**Task goal:**
Please transcribe all of the entries exactly, leaving out any images.

# # #

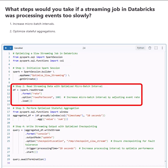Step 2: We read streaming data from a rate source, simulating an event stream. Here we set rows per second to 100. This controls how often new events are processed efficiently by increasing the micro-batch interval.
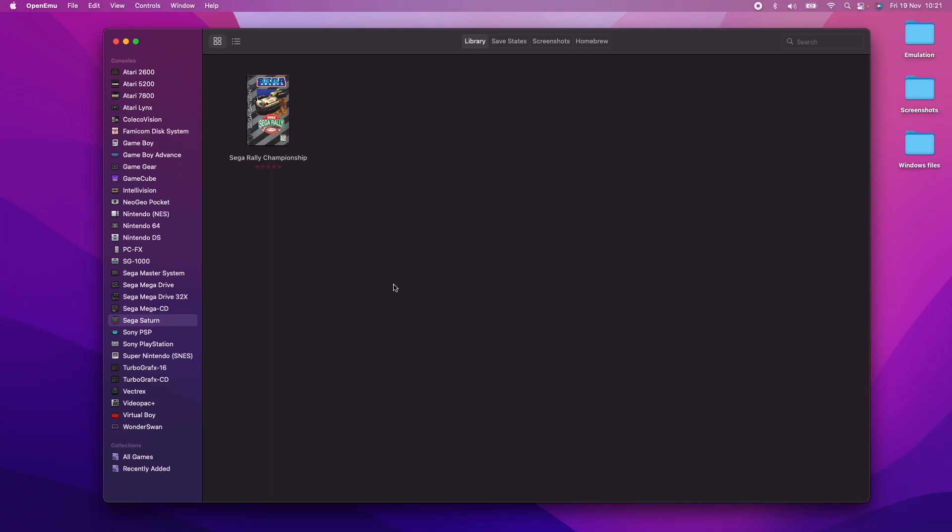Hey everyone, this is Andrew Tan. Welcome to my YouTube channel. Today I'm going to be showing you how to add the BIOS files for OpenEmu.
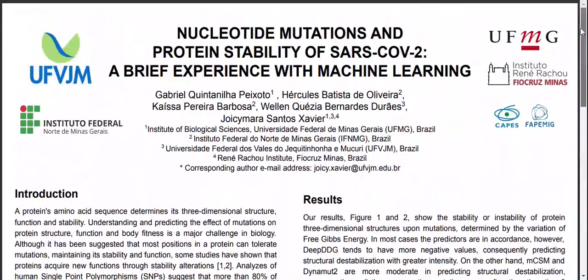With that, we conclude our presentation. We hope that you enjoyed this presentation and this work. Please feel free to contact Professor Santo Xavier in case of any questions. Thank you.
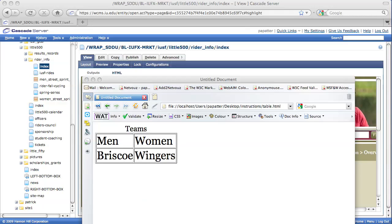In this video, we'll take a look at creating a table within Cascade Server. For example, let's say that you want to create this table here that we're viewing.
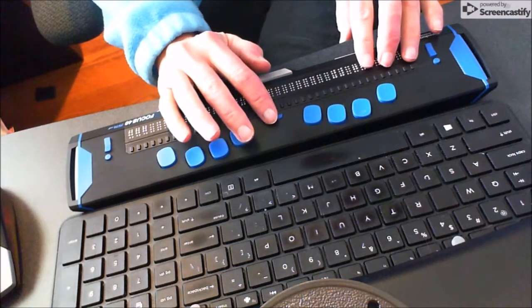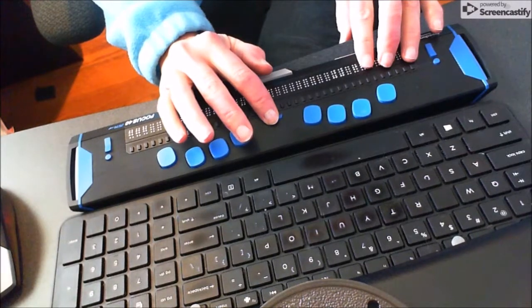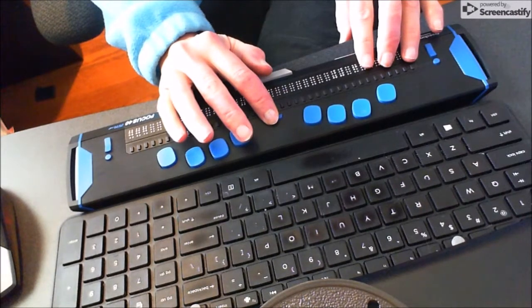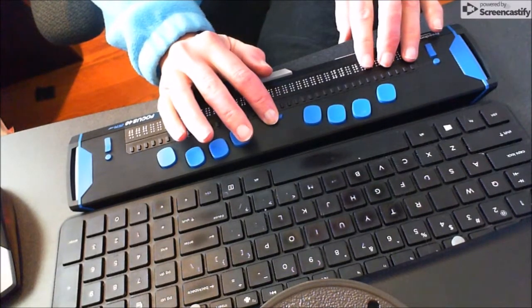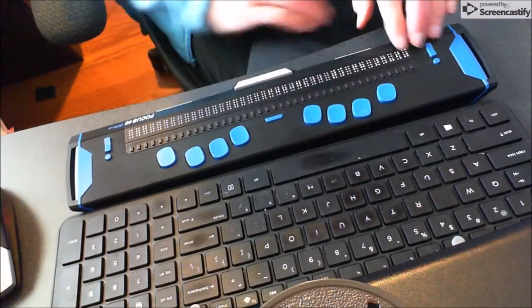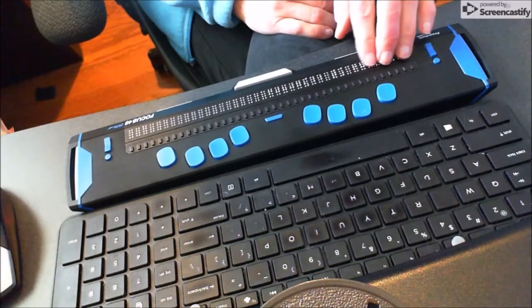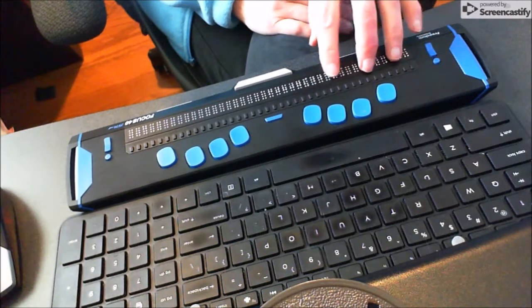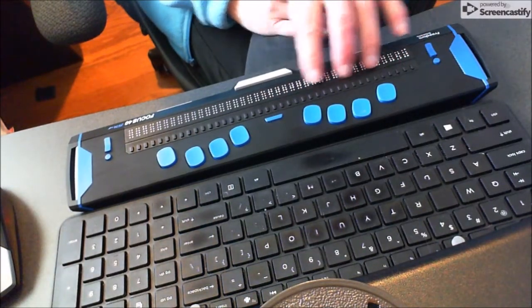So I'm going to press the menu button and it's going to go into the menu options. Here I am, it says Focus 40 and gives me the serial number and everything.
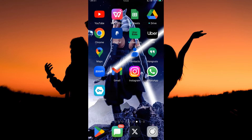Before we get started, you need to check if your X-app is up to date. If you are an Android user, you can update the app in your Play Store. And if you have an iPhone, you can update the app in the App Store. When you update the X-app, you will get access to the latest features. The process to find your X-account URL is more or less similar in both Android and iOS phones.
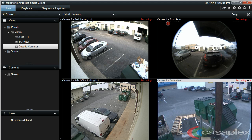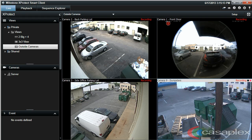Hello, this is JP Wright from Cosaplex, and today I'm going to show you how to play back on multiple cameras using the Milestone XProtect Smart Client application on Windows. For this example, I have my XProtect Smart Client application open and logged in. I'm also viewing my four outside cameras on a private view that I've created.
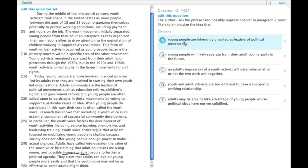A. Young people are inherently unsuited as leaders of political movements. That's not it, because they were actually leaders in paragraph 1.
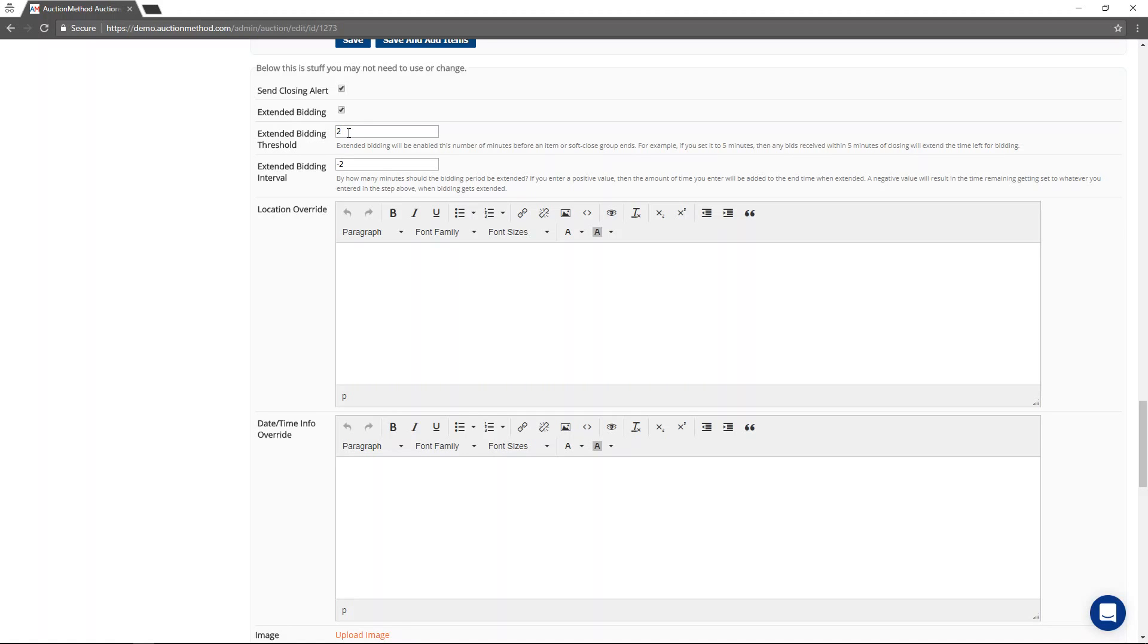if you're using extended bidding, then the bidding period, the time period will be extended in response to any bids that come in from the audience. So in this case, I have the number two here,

# # #

**Exercise answer:**
Step 2: We read streaming data from a rate source, simulating an event stream. Here we set rows per second to 100. This controls how often new events are processed efficiently by increasing the micro-batch interval.
Hey everyone, this is Andrew Tan. Welcome to my YouTube channel. Today I'm going to be showing you how to add the BIOS files for OpenEmu.
With that, we conclude our presentation. We hope that you enjoyed this presentation and this work. Please feel free to contact Professor Santo Xavier in case of any questions. Thank you.
In this video, we'll take a look at creating a table within Cascade Server. For example, let's say that you want to create this table here that we're viewing.
So I'm going to press the menu button and it's going to go into the menu options. Here I am, it says Focus 40 and gives me the serial number and everything.
Before we get started, you need to check if your X-app is up to date. If you are an Android user, you can update the app in your Play Store. And if you have an iPhone, you can update the app in the App Store. When you update the X-app, you will get access to the latest features. The process to find your X-account URL is more or less similar in both Android and iOS phones.
Hello, this is JP Wright from Cosaplex, and today I'm going to show you how to play back on multiple cameras using the Milestone XProtect Smart Client application on Windows. For this example, I have my XProtect Smart Client application open and logged in. I'm also viewing my four outside cameras on a private view that I've created.
A. Young people are inherently unsuited as leaders of political movements. That's not it, because they were actually leaders in paragraph 1.
if you're using extended bidding, then the bidding period, the time period will be extended in response to any bids that come in from the audience. So in this case, I have the number two here,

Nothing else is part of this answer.